4Dans un premier temps, ce numéro [1] revient sur la question de la socialisation familiale et de la transmission des croyances religieuses et des convictions politiques. Nul doute que la transmission familiale y joue un rôle notable. Ainsi Pierre Bréchon rappelle que, jusqu’à aujourd’hui, la religion dominante dans chacun des pays d’Europe a été une sorte de constante multiséculaire : le catholicisme en France, l’église orthodoxe en Russie, le protestantisme au Danemark… Une telle stabilité ne résulte pas seulement d’une volonté politique du souverain, mais aussi du poids des croyances héritées des parents. Toutes les enquêtes vont d’ailleurs dans le même sens et confirment que les croyants d’une confession ont des parents de la même confession. Toutefois, cette reproduction religieuse multiséculaire cède aujourd’hui de plus en plus le pas face à la sécularisation. Un nombre croissant d’Européens se déclarent à présent sans religion et indifférents à l’égard des religions. C’est particulièrement vrai des nouvelles générations. Sachant que les jeunes adultes indifférents ne reviendront pas vers une religion, Pierre Bréchon nous annonce un bouleversement de la carte des religions dominantes en Europe dans les décennies à venir.

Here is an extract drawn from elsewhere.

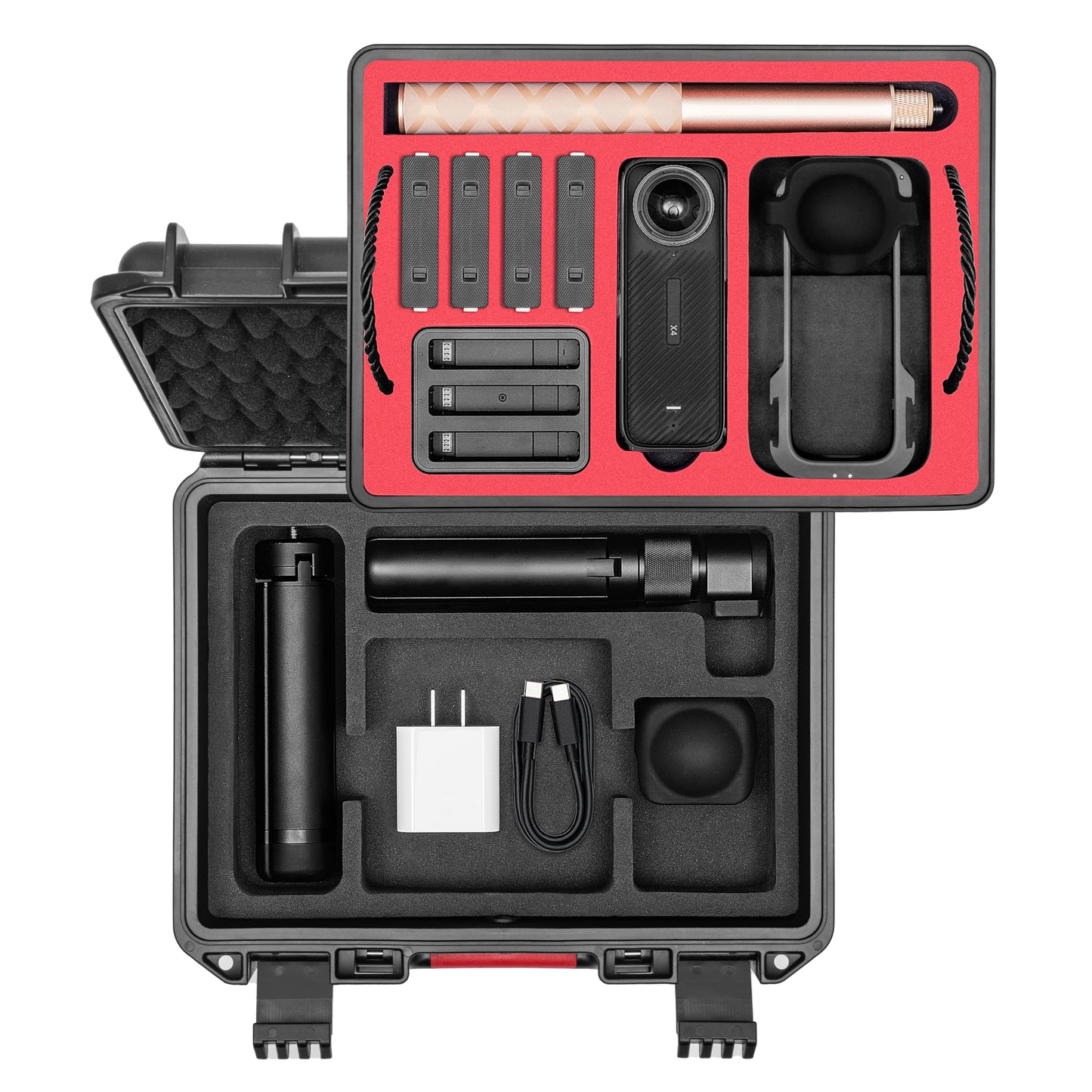 Carrying Case for Insta360 X4, Waterproof Protective Hard Travel Case Organizer for Insta 360 X4 Accessories, Dual Layer, Shockproof, Large Capacity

5De son côté, Anne Muxel montre l’importance de la famille lors de la socialisation politique. Aujourd’hui encore, les jeunes adultes ont souvent la même orientation politique que leurs parents. Mais elle insiste surtout sur le mode de transmission, qui est largement implicite et affectif. Comment pourrait-il d’ailleurs en aller autrement ? La norme consistant à respecter le pluralisme et la liberté de pensée va à l’encontre de toute idée de mesures actives des parents pour orienter politiquement leurs enfants. Il y a ainsi une politisation intime de l’identité depuis l’enfance jusqu’à l’âge adulte. Les parents n’exigent pas que leurs enfants – une fois adolescents ou jeunes adultes – pensent politiquement comme eux. Toutefois, les divergences sont ressenties comme des blessures intimes qui conduisent les familles à se méfier des discussions politiques et à chercher plutôt à les éviter en leur sein. De plus, cette reproduction de l’orientation politique semble également s’affaiblir quelque peu aujourd’hui en raison de l’affaiblissement du clivage gauche-droite et d’une montée du positionnement « ni droite ni gauche » au sein des nouvelles générations.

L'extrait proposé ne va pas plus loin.